- **Your assignment**
Skip the pictures. Give all the data again exactly.

- **Extracted data**
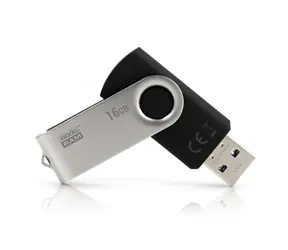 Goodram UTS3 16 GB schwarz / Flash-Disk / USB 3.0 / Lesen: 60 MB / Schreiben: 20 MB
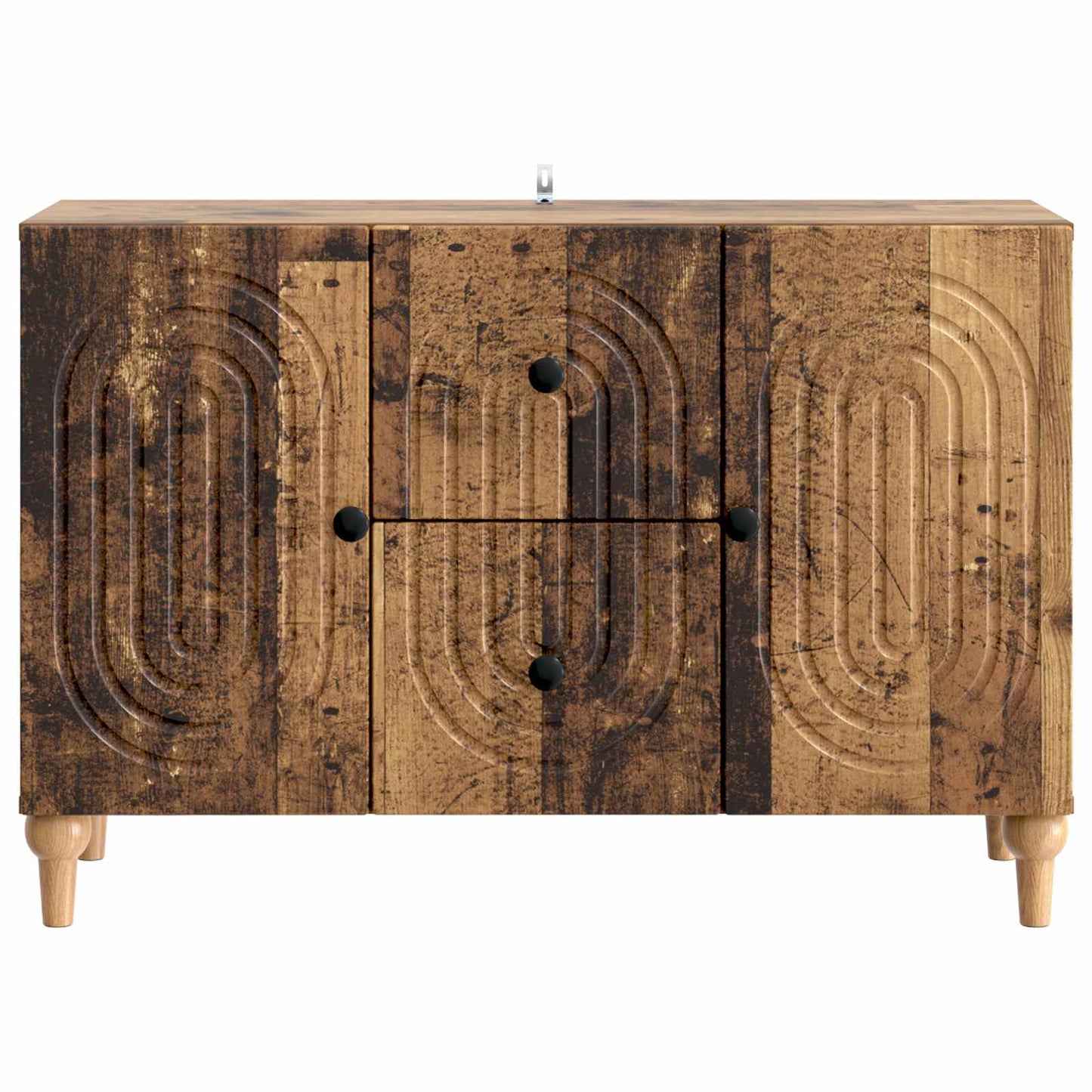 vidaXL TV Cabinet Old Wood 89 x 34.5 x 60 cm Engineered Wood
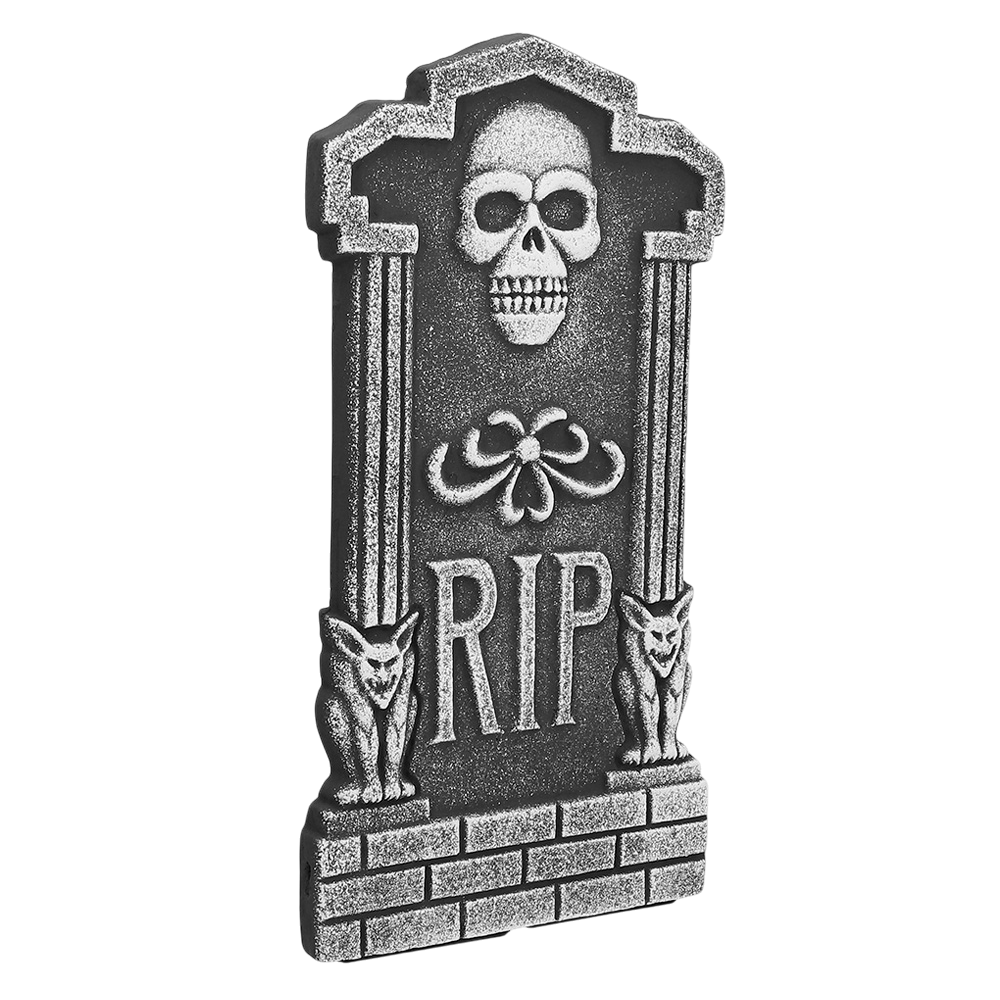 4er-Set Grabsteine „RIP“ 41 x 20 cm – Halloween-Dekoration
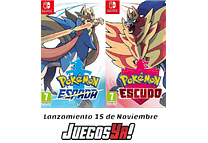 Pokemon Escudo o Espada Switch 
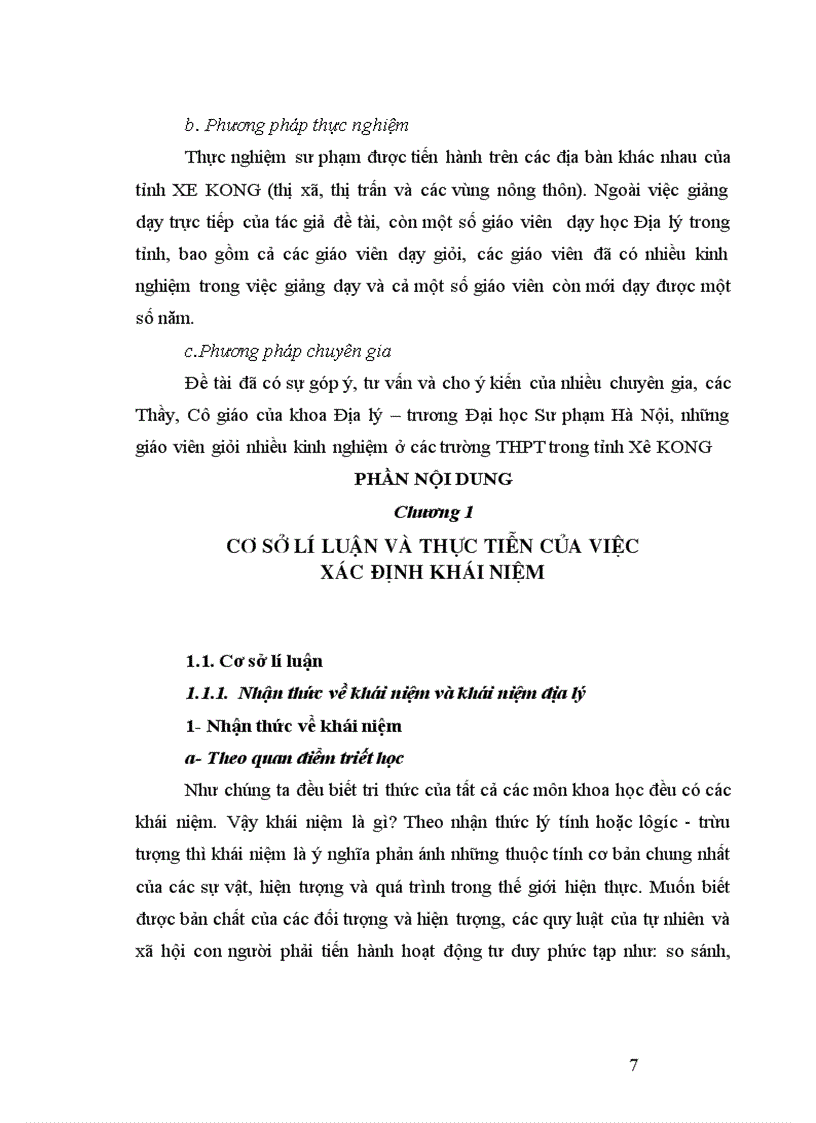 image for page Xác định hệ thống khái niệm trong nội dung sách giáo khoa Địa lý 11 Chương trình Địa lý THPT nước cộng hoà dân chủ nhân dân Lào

- **Answer to this problem**
 Goodram UTS3 16 GB schwarz / Flash-Disk / USB 3.0 / Lesen: 60 MB / Schreiben: 20 MB
 vidaXL TV Cabinet Old Wood 89 x 34.5 x 60 cm Engineered Wood
 4er-Set Grabsteine „RIP“ 41 x 20 cm – Halloween-Dekoration
 Pokemon Escudo o Espada Switch 
 image for page Xác định hệ thống khái niệm trong nội dung sách giáo khoa Địa lý 11 Chương trình Địa lý THPT nước cộng hoà dân chủ nhân dân Lào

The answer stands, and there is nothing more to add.